Comment by jaffa2

5 months ago

Ocr is well and good, i thought it was mostly solved with tesseract what does this bring? But, what I’m looking for is a reasonable library or usable implementation of MRC compression for the resulting pdfs. Nothing i have tried comes anywhere near the commercial offerings available, which cost $$$$ . It seems to be a tricky problem to solve, that is detecting and separating the layers of the image to compress separately and then binding them Back togethr into a compatible pdf.

10 comments

jaffa2

joecool1029 5 months ago

Cheap network locked iphone SE2's on ebay seem to be a cost effective way with good accuracy: https://findthatmeme.com/blog/2023/01/08/image-stacks-and-ip...

jjice 5 months ago

Very interesting article. I'd be interested to know if a M-series Mac Mini (this article was early 2023, so there should've been M1 and M2) would have also filled this role just fine.
> My preliminary speed tests were fairly slow on my MacBook. However, once I deployed the app to an actual iPhone the speed of OCR was extremely promising (possibly due to the Vision framework using the GPU).
I don't know a lot about the specifics of where (hardware-wise) this gets run, but I'd assume any semi-modern Mac would also have an accelerated compute for this kind of thing. Running it on a Mac Mini would ease my worries about battery and heat issues. I would've guessed that they'd scale better as well, but I have no idea if that's actually the case. Also, you'd be able to run the server as a service for automatic restarts and such.
All that said, a rack of iPhones is pretty fun.

sandreas 5 months ago

You could try OCRmyPDF (https://github.com/ocrmypdf/OCRmyPDF)

jaffa2 5 months ago

Thanks for the message. Im talking about MRC ( https://en.m.wikipedia.org/wiki/Mixed_raster_content ) not just invisible text layer over image.
You can achieve colour PDFs smaller than group4 binary compression of the same images. And 10x smaller than a Jpeg compressed PDF
I handle many scanned documents so my source data is typically a 300ppi image of a book/document/newspaper etc

kergonath 5 months ago

> Ocr is well and good, i thought it was mostly solved with tesseract what does this bring?
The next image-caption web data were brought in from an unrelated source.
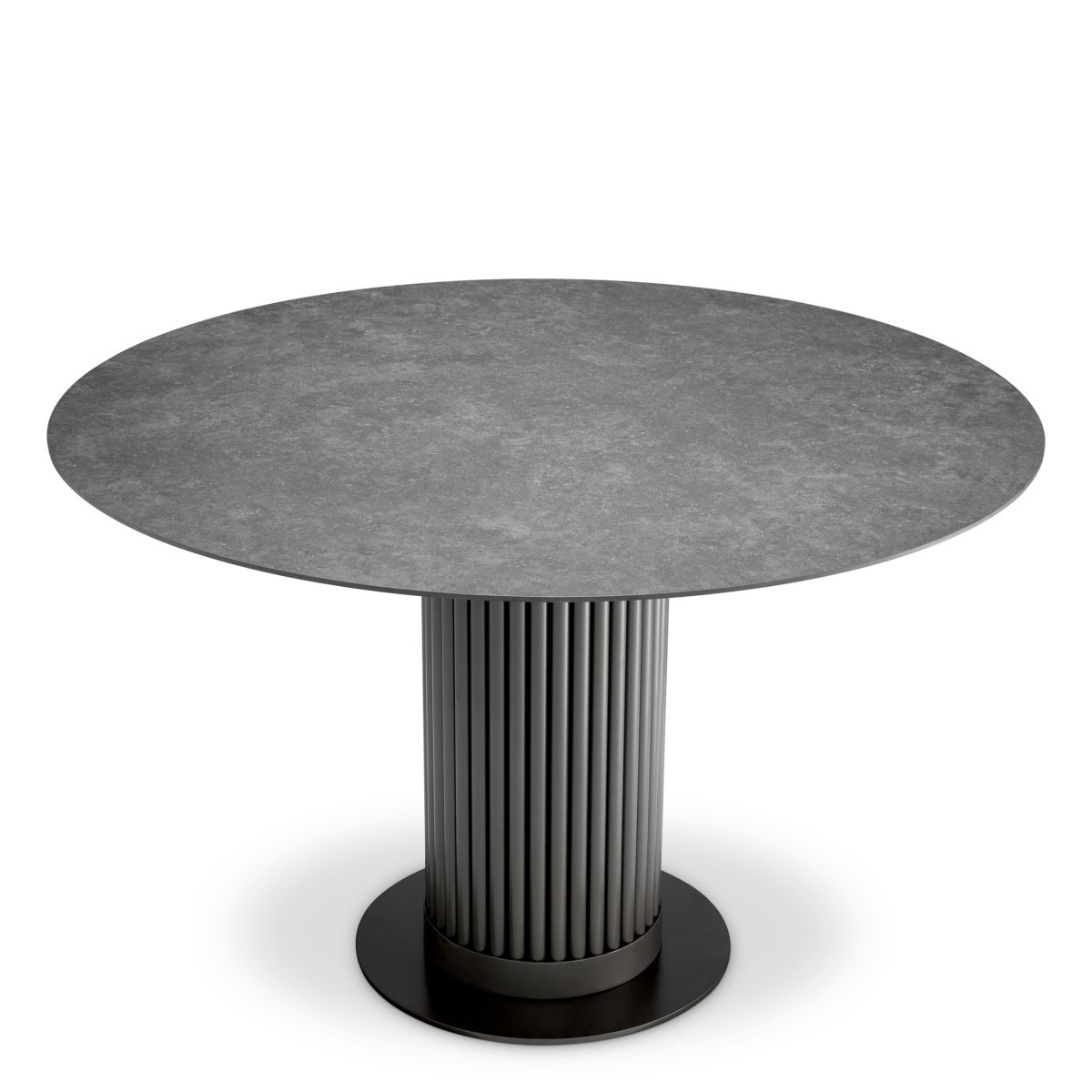Grey dining table with circular top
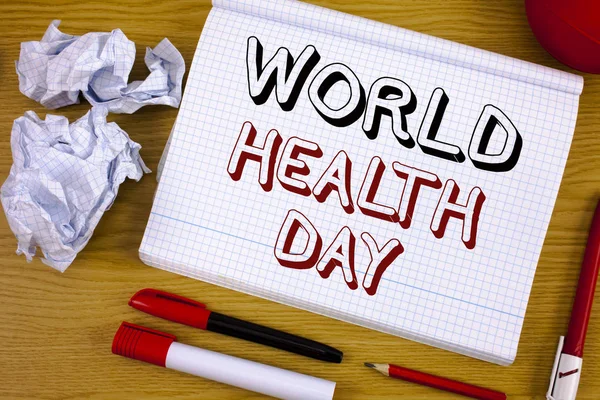 Sinal Texto Mostrando Dia Mundial Saúde Foto Conceitual Data Especial — Fotografia de Stock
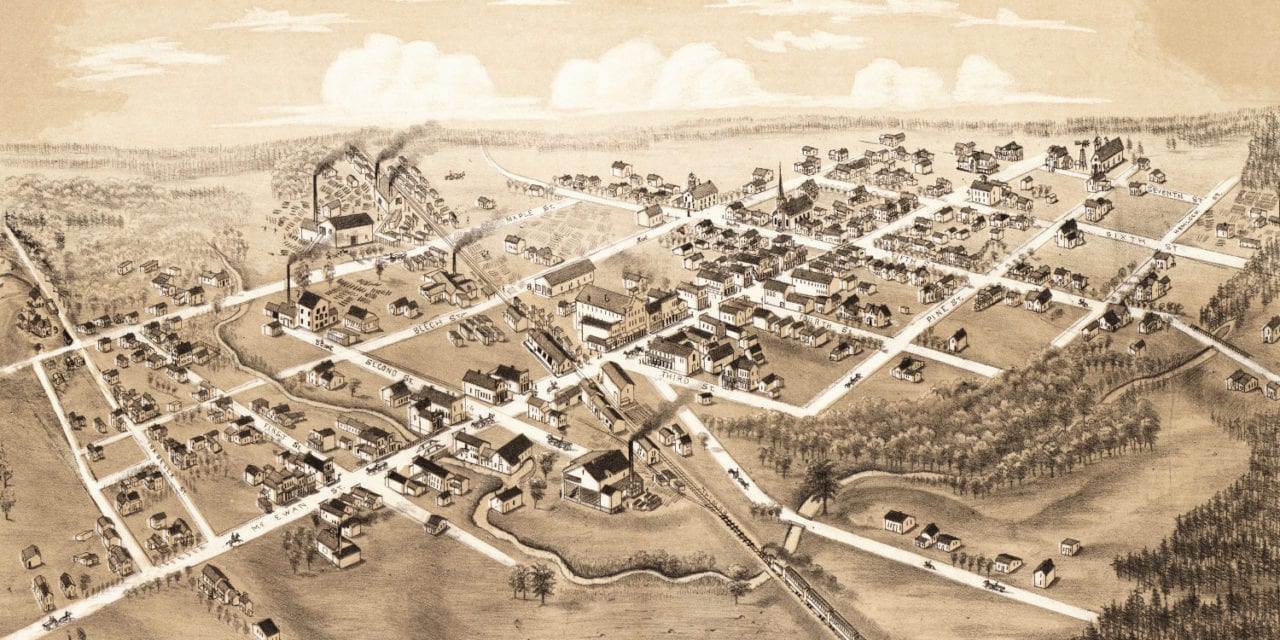 Beautifully detailed map of Clare, Michigan from 1884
Tesseract is nice, but not good enough that there is no opportunity for another, better solution.

aidenn0 5 months ago

> Ocr is well and good, i thought it was mostly solved with tesseract what does this bring?

This is specifically for historic documents that tesseract will handle poorly. It also provides a good interface for retraining models on a specific document set, which will help for documents that are different from the training set.

aidenn0 5 months ago

The internet archive generates MRC pdfs and have open-sourced their tooling: https://github.com/internetarchive/archive-pdf-tools

jaffa2 4 months ago

Thank you

fny 5 months ago

Run Tesseract on a screenshot and you'll be underwhelmed.

danpla 5 months ago

With proper image pre-processing, Tesseract can recognize even tiny text (5-7 px high).